Work required:
Send back the records exactly as written, with no images.

- Opening Delimiter -

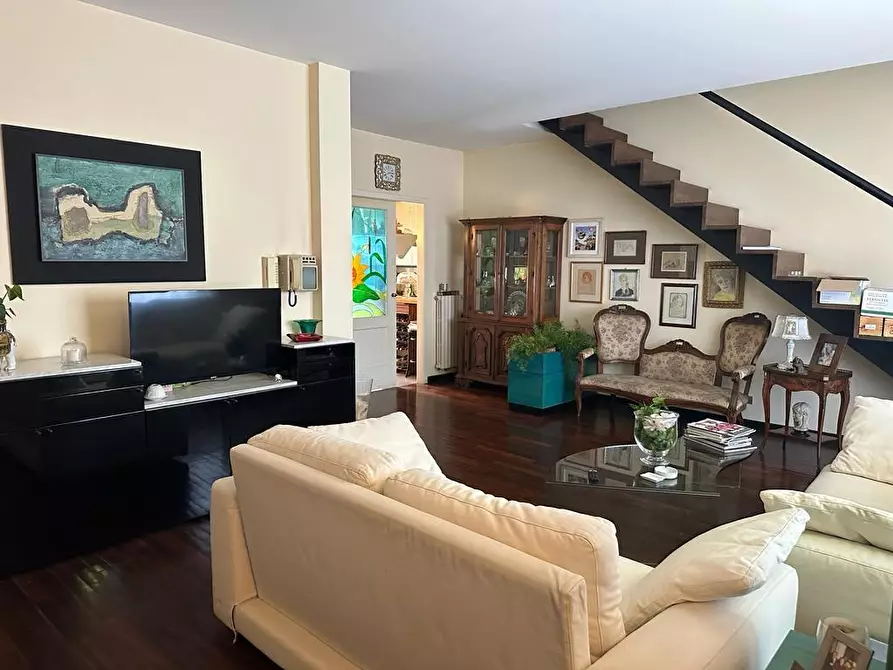 Immagine 2 di Appartamento in vendita  a Empoli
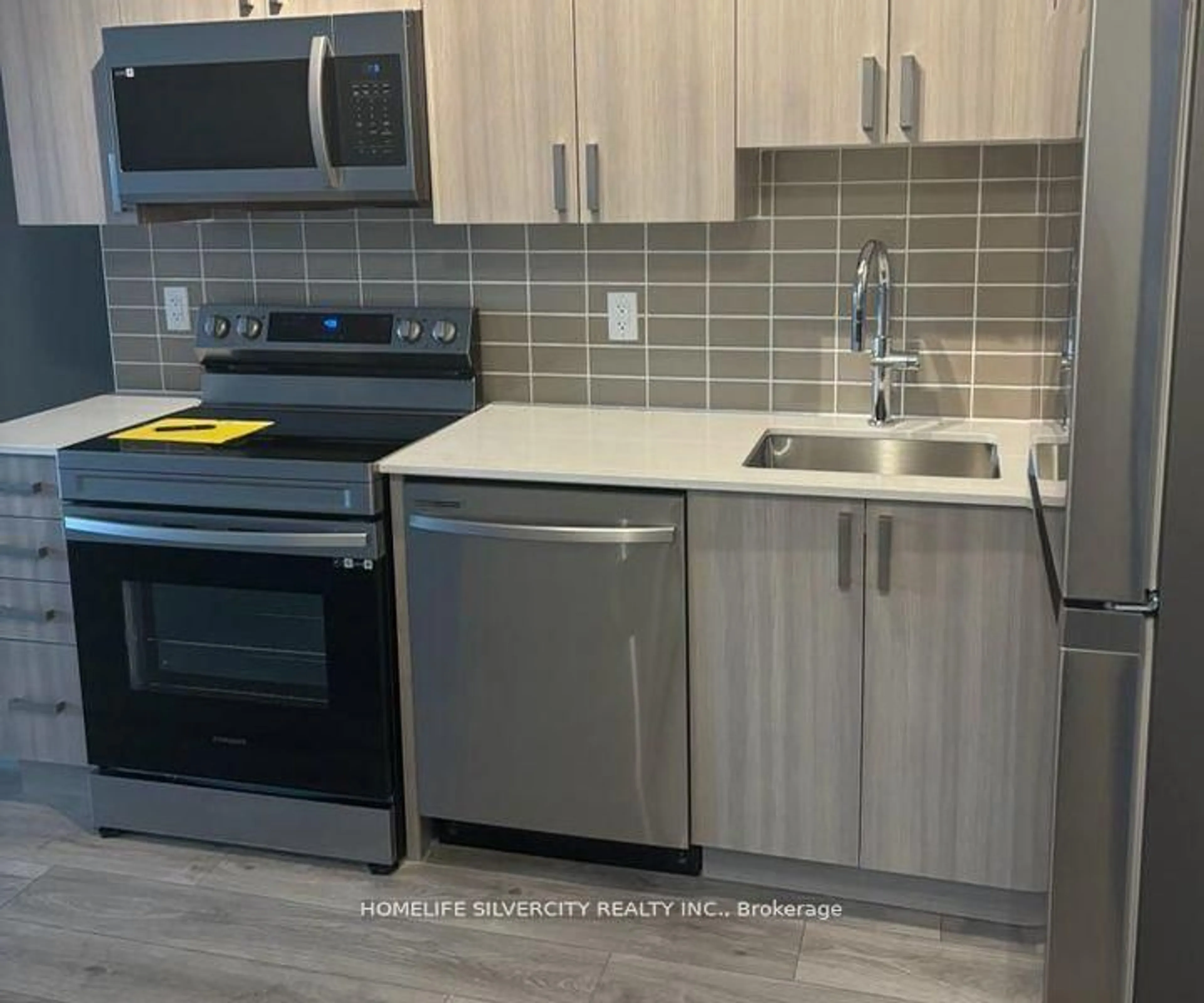 Standard kitchen, unknown for 1455 Celebration Dr #607, Pickering Ontario L1W 3R5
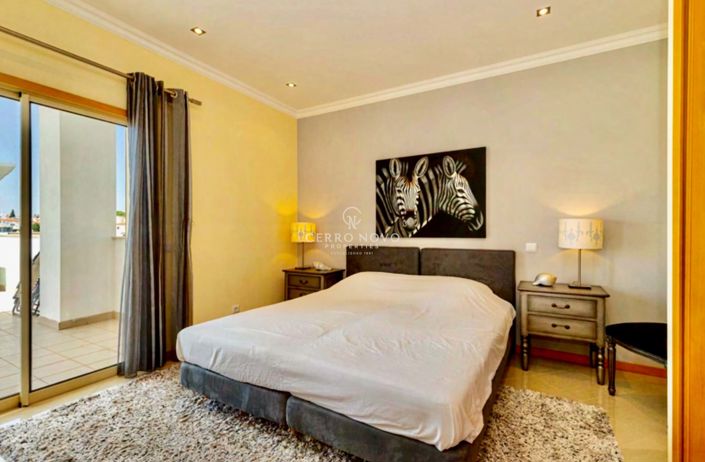 Image No.18-2 Bed Apartment for sale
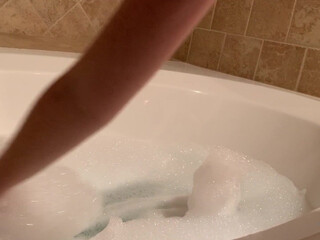 poison_ivee whore charms with its shapes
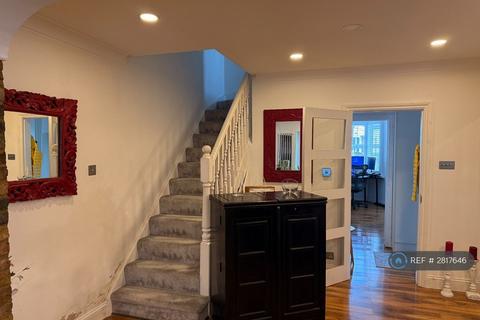 1 bedroom in a house share to rent, Whitton Road, Hounslow, TW3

- Closing Delimiter -

Solution to this exercise:
 Immagine 2 di Appartamento in vendita  a Empoli
 Standard kitchen, unknown for 1455 Celebration Dr #607, Pickering Ontario L1W 3R5
 Image No.18-2 Bed Apartment for sale
 poison_ivee whore charms with its shapes
 1 bedroom in a house share to rent, Whitton Road, Hounslow, TW3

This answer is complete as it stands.